Nearly five months after her acrimonious departure from the UFC, Justino (21-2) faces Julia Budd (13-2) in Bellator 238 at the Forum with her new promotion’s featherweight belt on the line.
“All my life, I’ve been the challenger in my mind,” Justino said after a recent workout at her gym in Huntington Beach. “Even when I was the champion, I put that in my mind that I was the challenger. Now that I really am (the challenger), I just go over there and do what I love to do. (Budd) has been the champion for a long time, but to be the champion in a fourth organization is a big motivation for me.”
With a victory over the Canadian champion, Justino would be the first fighter to claim title belts in four major MMA organizations. The Brazilian brawler was a champion in Strikeforce and Invicta before she moved to the UFC and won the inaugural women’s featherweight title in 2017.
“I feel blessed to have the opportunity to fight straight for a title,” Justino said. “I have to do my best, but I’m happy.”
That’s a change from her time in the UFC, where her reign was rarely harmonious.
Justino has clashed repeatedly with UFC President Dana White for several years over matters big and small. White and Ronda Rousey lobbed childish insults at Justino before and after she failed a doping test in 2011, and Cyborg pointedly criticized many aspects of the UFC.
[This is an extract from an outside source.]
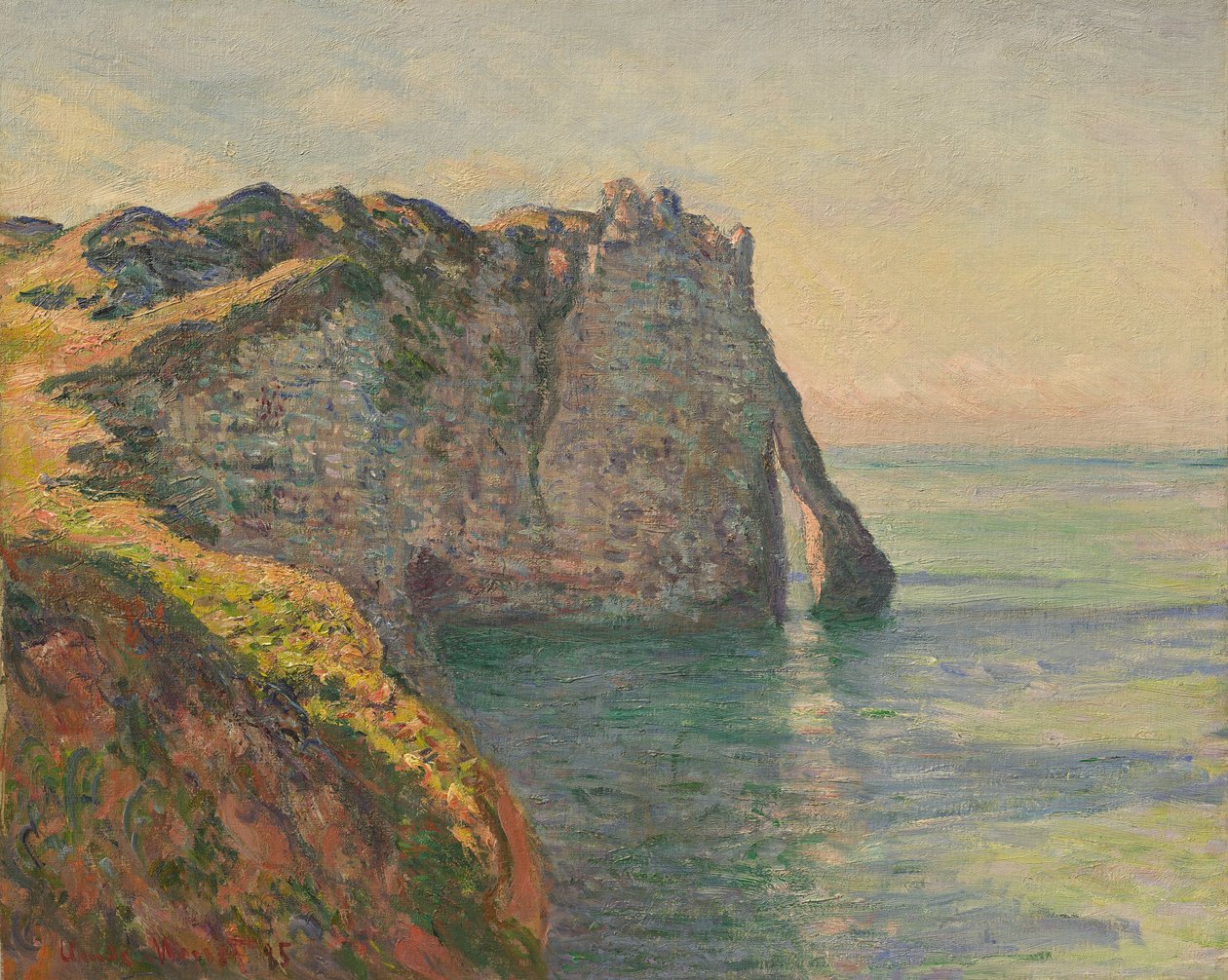 Cliff ja Porte dAval, 1885. tekijältä Claude Monet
Justino lost much of her footing in the disagreements when she lost her 145-pound belt in a 51-second thrashing from Amanda Nunes at the Forum in December 2018. The loss snapped her 21-fight, 13-year unbeaten streak in MMA and abruptly ended the perception of her as an unstoppable fighting machine — a Cyborg, if you will.
After just one more UFC fight last July, Justino’s contract was up. She was out of the UFC, and thrilled to be so.
Bellator’s Scott Coker, the former Strikeforce boss who aided Justino’s early rise, eagerly added her to his roster of famous fighters who have separated from the UFC for various reasons. Bellator is hoping for a long run of lucrative fights from Cyborg, who immediately became one of the most famous fighters and biggest draws on its roster.
“I had a lot of changes” in 2019, Justino said. “Sometimes bad things happen for good (reasons). The good thing is I signed with Bellator. I’ve had struggles, but it’s good now.”
Justino’s hunger to sweep up every championship belt and accolade in combat sports didn’t dissipate even after her loss to Nunes. While she has promoted her Bellator debut extensively, she also spends untold hours discussing her interest in fighting women’s boxing star Claressa Shields, whether in a boxing ring or an MMA cage.
She is also intrigued by the possibility of a throwback Bellator grand prix, perhaps with a show in which she would fight more than one time in a night, as mixed martial artists used to do in the sport’s early days.
But first, she will take on Budd for the chance to add another gaudy championship belt to the already overflowing collection at her gym.
“I always have space for more belts,” Justino said with a grin. “I’ll make a space.”